After an honorable discharge in 2008, nightmares and rage haunted him.
“He would be dead asleep and wake up and he would be ripping the curtains off the windows,” Jamie said. “Then he would go back to sleep.”
Unwanted memories would float back.
“Mom,” Battagliola remembers Josh telling her one day, the thought coming out of nowhere. “Do you know that saying, ‘I’ll blow you into a thousand pieces?’ A body really can blow into a thousand pieces.”
For the last several years, life has been difficult. Josh became hooked on prescription medications and then fought to get off them. Money was tight. Jamie and Josh lived on Army disability. He would work, but it wouldn’t last. There were more fights. The family argued, urging Josh to get his life together.
On the night he was burned, Josh was finally trying to do just that: Fix up a car sold him by Jeremy, get out of there, get work, move forward.
For the first 10 days of his hospitalization, his mother slept on a floor in the burn unit.
Neither she nor Jamie wanted to leave.
“What if he wakes up and he’s afraid?” Battagliola said.
Two weeks ago, Josh Langton did wake up.
The medication keeping him almost comatose was reduced, allowing him to open his eyes and to work to help keep his lungs clear of the kind of infection that could kill him all too quickly. Seventy percent of his body still remained to be covered by grafts.

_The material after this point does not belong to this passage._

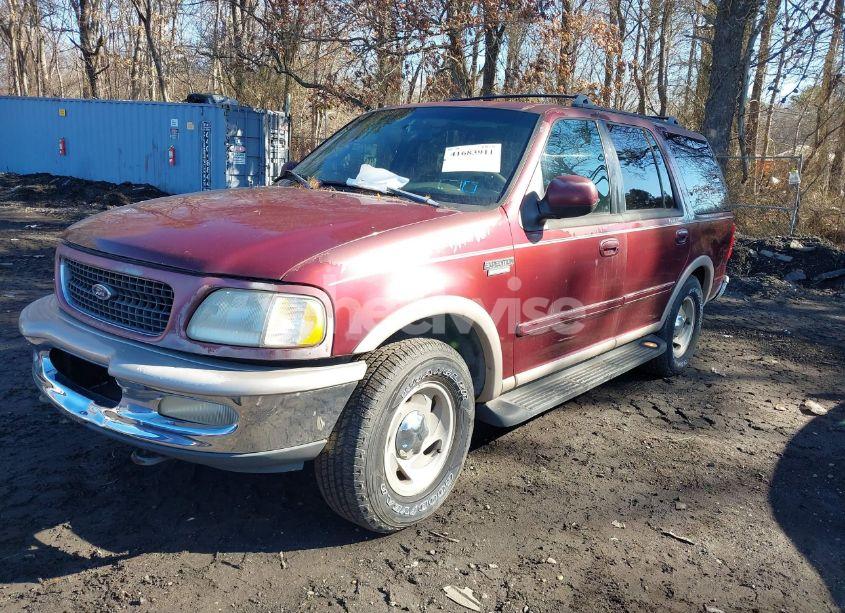 Photo 2 of 1998 Ford Expedition EDDIE BAUER/XLT (VIN 1FMFU18L5WLA05569)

“Until his wounds are essentially closed,” a process that could take six to eight weeks, “he is not out of the woods,” his doctor said.
On this day, his mom and Jamie hurried toward him.
“I love you, babe!” Jamie said. “I can’t wait to tell Lilly. She asks me 100 times a day, ‘Is Daddy awake? Is Daddy awake?’ “
Gently, over and over, they kissed his forehead. He smiled, looked at them with a foggy, medicated gaze.
His voice emerged as a forced, airy rasp from the hole in his throat.
“Hi, Mom,” he said.
But this week, Josh went back on the respirator again, following more surgeries. If he survives, his doctor said, surgeries and rehabilitation will last his lifetime.
On Wednesday night, Battagliola stood terrified at her son’s side.
Asleep, Josh looked lifeless.
“I need to see some life or something,” she told the nurse. “I need for him to know how much I love him.”
He just needs sleep, the nurse explained, before approaching the bed.
“Josh?” the nurse said. “Josh? Your mom’s here.”
His heavy eyes opened. His voice was barely audible.
“I love you, Mom,” he managed.
She kissed his forehead and cried.
“Just go back to sleep, sweetheart,” she said, and took a seat at his side.